Quels mots pour les maux actuels ? Quelles palettes, quelles nuances, quels paradoxes ?

Quels nouveaux courants musicaux, après Barbara, Leonard Cohen, Radiohead, la mélancolie de Serpentwithfeet, Alpha Steppa, Billie Eilish, la rencontre de Sega Bodega et Arca, pour me souffler de nouvelles tendresses et joies bittersweet ? Quels mots (“Shlut” by Shygirl, I see you) activent quels mécanismes ? Et si être emo, c’était entrer en discussion avec nos multitudes, en globish des Internets ?

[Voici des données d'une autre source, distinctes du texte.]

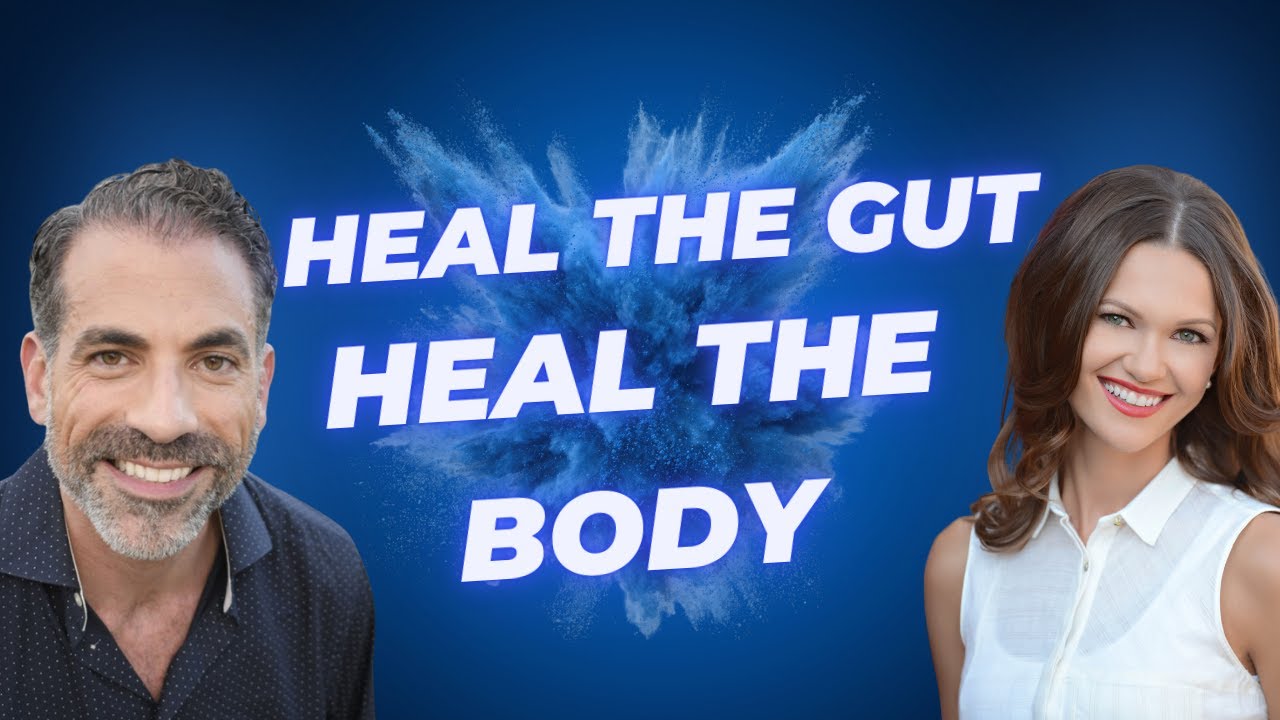 The Gut-Autoimmune Connection: Breaking the Cycle of Leaky Gut & Chronic Illness | Dr. Vincent Pedre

“La langue délimite et encadre notre manière de penser, et informe la manière dont la société gère les échanges et les émotions. Aujourd’hui, les emprunts anglo-saxons permettent de communiquer à l’échelle mondiale sur des sujets non communiqués localement. Ces effets de styles et de distanciation nous rendent acteur.rice.s de notre propre langue, devançant ses oublis actuels”, explique Saveria Mendella, critique de mode spécialisée dans les questions de linguistique

A few tips and tricks on hacking your own brain : 

Horny : comme état généralisé de vie, période et non relatif à une personne et un échange fixe

Jomo (joy of missing out) : intense joie de savoir que j’ai choisi de rater un évènement

All overish : quand tu es un peu partout, sentiment d’éparpillement généralisé

I feel meh : je me sens pas ouf mais c’est pas grave

Ridic’ : I feel so silly mais maintenant que je le dis, c’est drôle

OTT (over-the-top) : être too much, être so extra (https://www.nylon.fr/how-to-be-so-extra-au-quotidien/), quand l’excès devient un plaisir dont tu te saisis, et non un débordement et une dérégulation du corps

Angstalgie : la nostalgie d’une période qui en réalité n’était pas si incroyable (ton ex)

Départophobie : quand c’est si dur de dire au revoir (spécialité française, me dit Saveria Mendella)

Énouement : découvrir le futur mais en oublier le passé

Chrysalism : être à l’intérieur et écouter la pluie tomber

Onism : avoir un corps qui n’habite qu’un seul endroit à la fois

Je suis adepte de la pensée de la philosophe Martha Nussbaum qui écrit qu’à rebours d’une émotion domptée, au contraire, “les émotions sont un soulèvement du savoir”. Du grain à moudre, des paillettes à coller, des licornes à faire clignoter sur le lien entre affect, effet, qui ne font plus qu’un, hein, à plein. Born or found in translation, it’s a horizon nevertheless.